I’m sure my four siblings each have their own stories to share as well. It took a talented woman to balance her skills of parenting, cleaning, cooking, patching scrapes and dabbing tears.
Mom wasn’t a staid woman either. She couldn’t be with five ornery cherubs tearing around the house.
Believe me, we knew when one of us had crossed the line. The stress we caused her likely contributed to her wavy dark hair prematurely turning snow white. That made her all the more attractive.
Mom helped us with schoolwork, gave us blankets to make tents over the clothesline, and provided cool drinks on hot summer days. She laughed even if our jokes were lame, and cried when things seemed to just unravel.
Her devotion to Dad further evidenced her inner beauty. As controlling and contrary as Dad could be, Mom stood her ground in expressing her opinions. Her love for him, however, never wavered.
I don’t recall him ever saying it, but I think Dad clearly understood that he was one fortunate man in marrying this lovely woman.

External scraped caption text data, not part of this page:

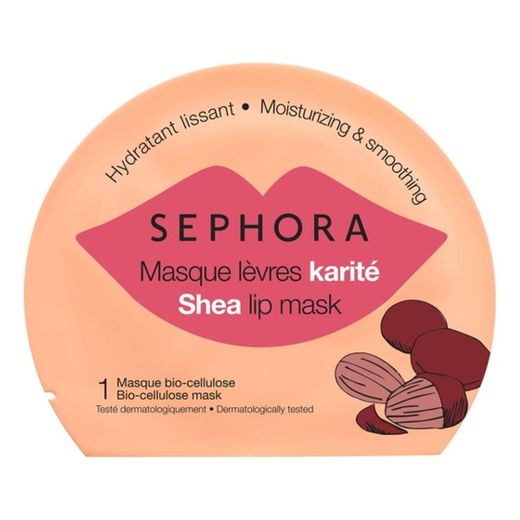 Masque lèvres karité - Masque bio-cellulose de SEPHORA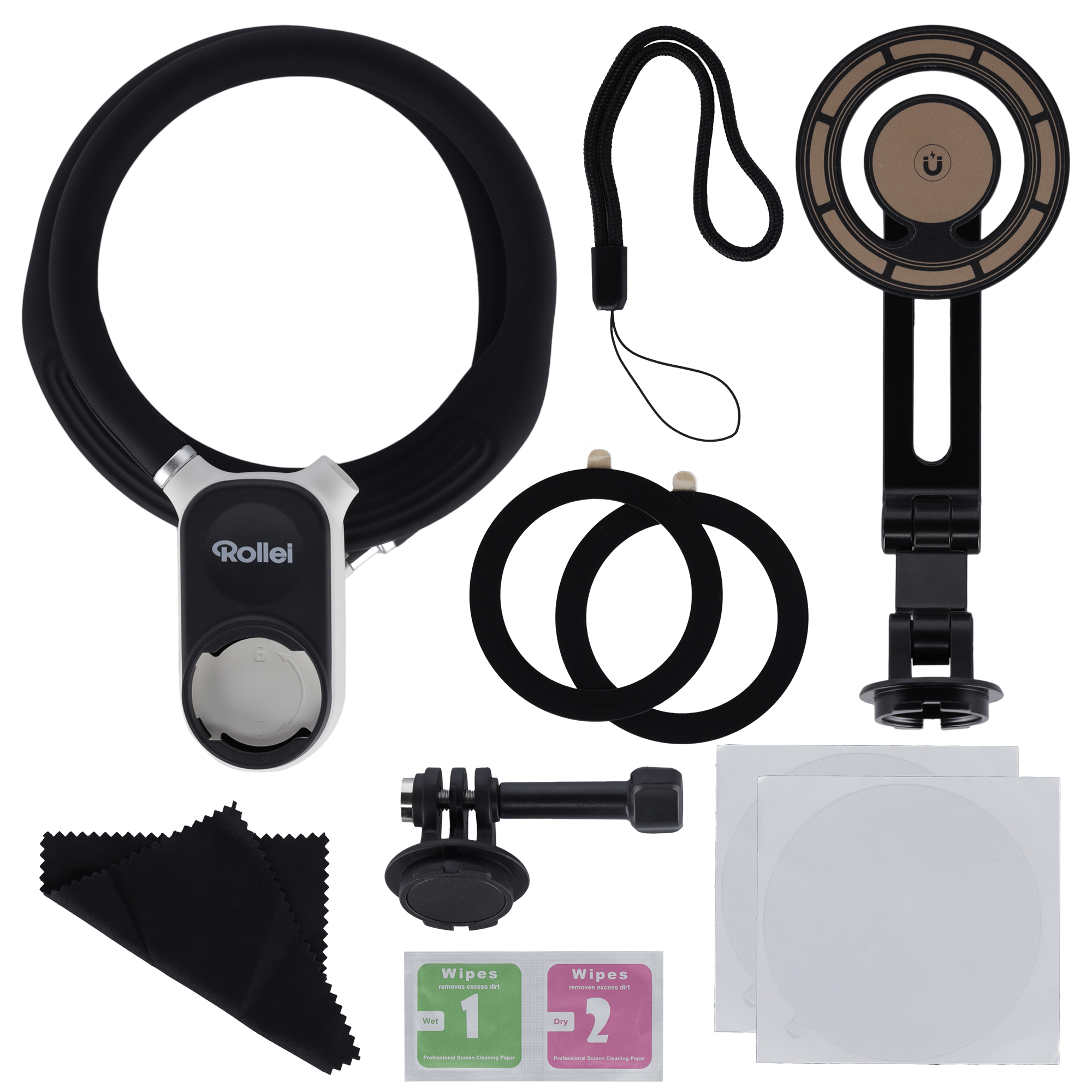 Magnetische Nackenhalterung I für Smartphones & Actioncams
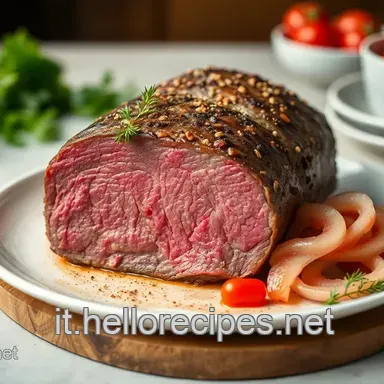Arrosto Perfetto: Il Roast Beef che Fa Impazzire Tutti!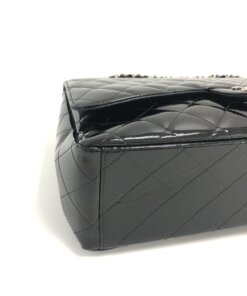Chanel Single Flap Bag Patent Leather 11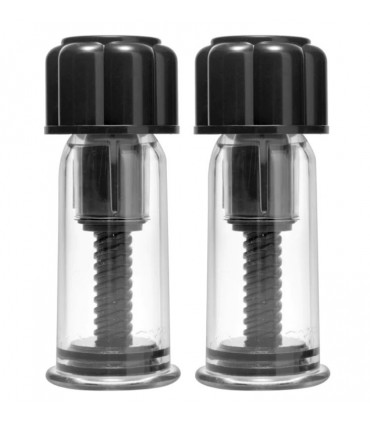 2 X SUCCIONADORES PEZONES BLACK MAXXX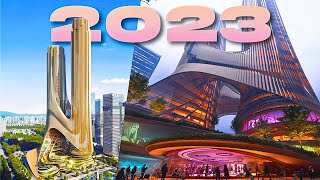 New Skyscrapers Under Construction in 2023 #buildings #construction #skyscrapers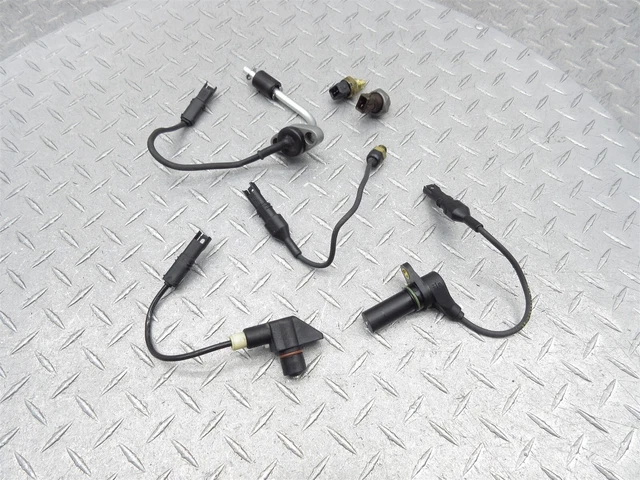 2013 13-16 BMW R1200GS Adventure Crankshaft Camshaft Position Oil Sensor Lot OEM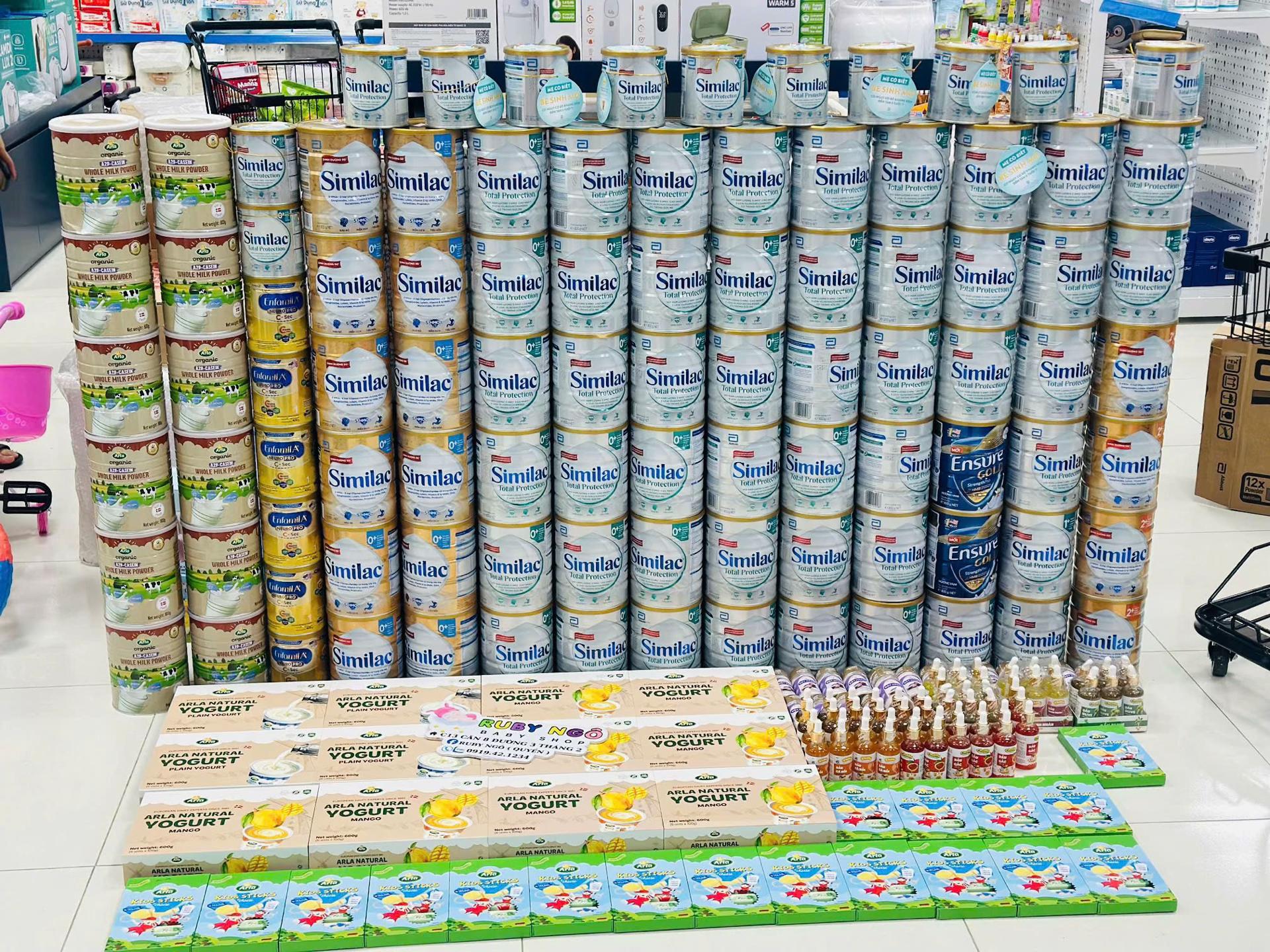 @Mẹ V&agrave; B&eacute; - Ruby Ng&ocirc; Baby Shop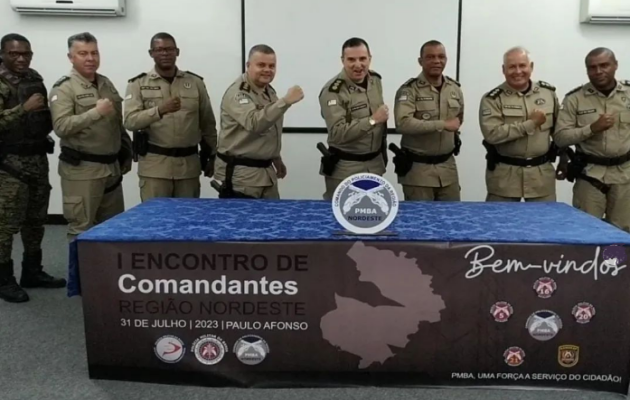  20°BPM participa do ” I ENCOTRO DE COMANDANTES REGIÃO NORDESTE”, promovido pelo CPR-Nordeste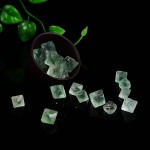 DSJJSUU 20g 50g Natural Green Fluorite Raw Crystals Ore Mineral Fish Tank Collection Healing Quartz Home Decor Rock Color : Green Fluorite Size : 50g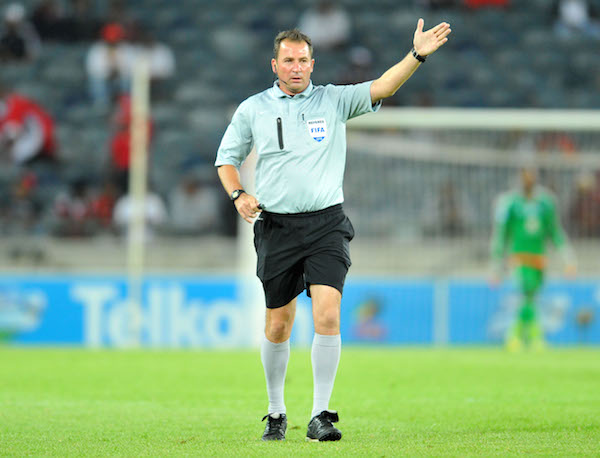You are currently viewing Bennett officiates Caf Champions League clash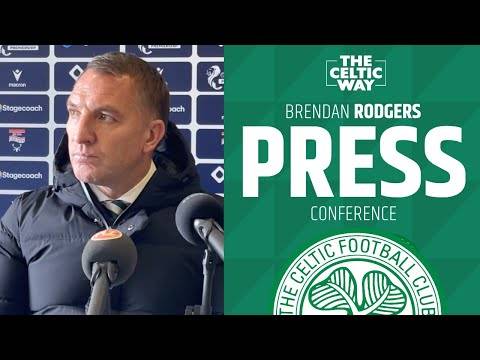 ‘You keep going to the end!’ &ndash; Rodgers hails his team’s spirit after Celtic’s late win in Dingwall
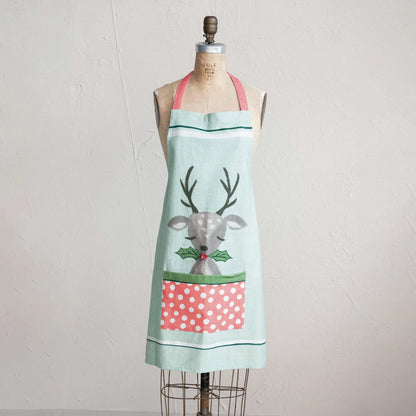 Reindeer Apron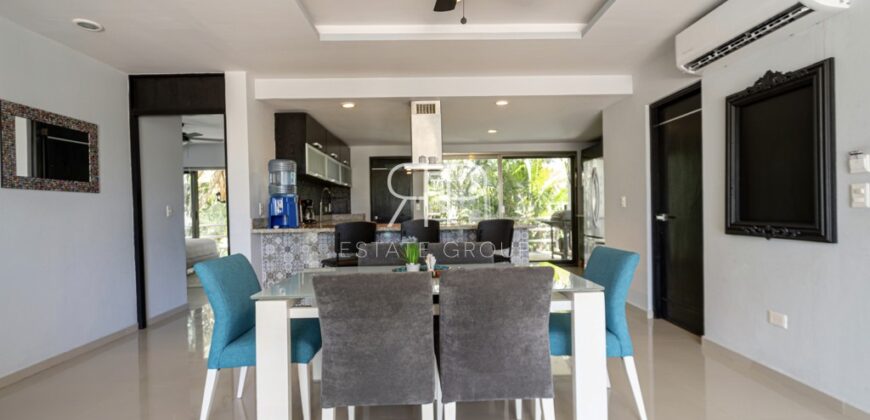 Departamento en venta en Acacia Condos, Riviera Maya, de 150 m²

He always gave her cards, flowers, candy and other gifts on holidays and her birthday.
With Dad’s encouragement, Mom got her driver’s license at age 40. He also coaxed her into taking art lessons, knowing her natural ability to draw and paint.
Mom’s beauty radiated from her mind’s eye into her vibrant watercolor paintings. She won many awards for her still life and landscape representations.
Mom was as humble and classy as Dad was brash and bold. She never boasted about her awards nor charged enough for the paintings she sold. She was happy just to have others enjoy her artwork.
If that isn’t beauty personified, I don’t know what is.
This will be the fourth Mother’s Day without Mom. I can still see her gorgeous smile, and sense her generous love. I hope your mother was just as beautiful as mine.